Team:Calgary/2 July 2010

From 2010.igem.org

Friday July 2, 2010

Patrick

I attempted another restriction digest of cpxP in the hopes that I would get a better reading. There was, unfortunately, no separation of the bands. This suggests that all of the cpxP promoters have scarred in the plasmid, or that the plasmid had religated on itself.

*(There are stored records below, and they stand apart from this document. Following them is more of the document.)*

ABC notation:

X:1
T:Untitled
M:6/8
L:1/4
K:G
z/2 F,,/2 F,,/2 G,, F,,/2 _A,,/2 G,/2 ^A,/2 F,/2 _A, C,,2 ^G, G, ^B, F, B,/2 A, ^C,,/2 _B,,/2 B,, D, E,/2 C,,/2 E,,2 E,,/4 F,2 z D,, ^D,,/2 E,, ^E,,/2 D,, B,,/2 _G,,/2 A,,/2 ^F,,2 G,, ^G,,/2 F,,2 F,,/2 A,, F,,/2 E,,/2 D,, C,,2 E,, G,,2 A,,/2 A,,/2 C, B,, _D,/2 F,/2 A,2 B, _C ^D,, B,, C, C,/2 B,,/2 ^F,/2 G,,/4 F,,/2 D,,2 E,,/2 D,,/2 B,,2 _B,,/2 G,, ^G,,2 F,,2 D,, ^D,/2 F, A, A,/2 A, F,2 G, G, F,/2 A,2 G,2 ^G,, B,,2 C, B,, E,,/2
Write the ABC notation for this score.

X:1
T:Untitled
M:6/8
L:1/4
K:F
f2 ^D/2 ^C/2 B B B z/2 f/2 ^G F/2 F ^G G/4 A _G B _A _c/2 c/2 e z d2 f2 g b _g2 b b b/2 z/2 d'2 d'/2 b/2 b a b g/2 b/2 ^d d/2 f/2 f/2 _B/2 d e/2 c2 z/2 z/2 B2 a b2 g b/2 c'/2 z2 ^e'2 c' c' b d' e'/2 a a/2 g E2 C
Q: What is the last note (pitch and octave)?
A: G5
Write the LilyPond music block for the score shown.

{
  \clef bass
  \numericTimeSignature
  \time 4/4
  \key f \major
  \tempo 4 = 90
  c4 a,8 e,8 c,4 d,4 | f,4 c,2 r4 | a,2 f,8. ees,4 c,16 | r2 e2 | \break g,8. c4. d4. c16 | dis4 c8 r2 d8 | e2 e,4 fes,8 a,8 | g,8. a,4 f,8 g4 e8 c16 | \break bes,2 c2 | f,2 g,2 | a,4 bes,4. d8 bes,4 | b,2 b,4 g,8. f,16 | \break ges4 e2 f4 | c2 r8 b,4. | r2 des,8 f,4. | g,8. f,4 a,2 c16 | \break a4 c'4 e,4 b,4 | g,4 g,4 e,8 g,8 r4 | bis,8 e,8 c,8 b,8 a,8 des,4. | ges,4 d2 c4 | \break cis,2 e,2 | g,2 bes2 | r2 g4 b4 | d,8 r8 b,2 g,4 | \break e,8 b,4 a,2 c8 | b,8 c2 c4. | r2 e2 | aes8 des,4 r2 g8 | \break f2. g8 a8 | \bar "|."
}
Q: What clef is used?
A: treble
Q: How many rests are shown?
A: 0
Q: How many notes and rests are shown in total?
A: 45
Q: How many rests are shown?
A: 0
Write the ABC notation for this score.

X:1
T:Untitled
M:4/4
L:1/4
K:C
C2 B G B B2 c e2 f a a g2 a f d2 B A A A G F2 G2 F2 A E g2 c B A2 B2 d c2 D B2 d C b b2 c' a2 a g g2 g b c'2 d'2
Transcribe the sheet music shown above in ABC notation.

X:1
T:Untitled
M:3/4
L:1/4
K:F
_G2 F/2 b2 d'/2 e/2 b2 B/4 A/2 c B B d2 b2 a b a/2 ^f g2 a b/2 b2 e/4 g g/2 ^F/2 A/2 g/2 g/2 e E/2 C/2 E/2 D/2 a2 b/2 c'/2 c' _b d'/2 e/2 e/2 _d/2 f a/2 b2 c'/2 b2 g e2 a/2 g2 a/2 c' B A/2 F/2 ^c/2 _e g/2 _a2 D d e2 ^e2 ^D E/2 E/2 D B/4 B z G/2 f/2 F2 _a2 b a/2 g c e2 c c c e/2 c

Thus, I will try and do a restriction digest using EcoRI and PstI sites in orer to see if the part is released at all. If the plasmid is cut with EcoRI and PstI but not XbaI and SpeI, this definitely suggests that the part was facing in the wrong direction.


Alex

This week Thane Kubik, a former iGEM supervisor came in to provide advice in the wet lab, and help us with our project vision. Also, we did a gel of our cpxp digested product. The results of the first gel was inconclusive, the lines appeared blurry and appeared to linger in the wells, leading us to believe there was a problem with the gel itself. A second cpxp digest was done, but the spe and xba sites appeared to have not cut, as there was no separation between bands on the gel. A PCR of our cpxp plasmid was done to determine if the cpxp promoter was present in the plasmid, using the primers that we synthesized to get cpxp from native e-coli. A gel was ran of the product, and we saw feint bands at about 200 base pairs when compared to the ladder, and stronger bands at 50-200 base pairs. This was what we had anticipated as the cpxp gene we expect is 144 base pairs, and the plasmid is about 2200 base pairs.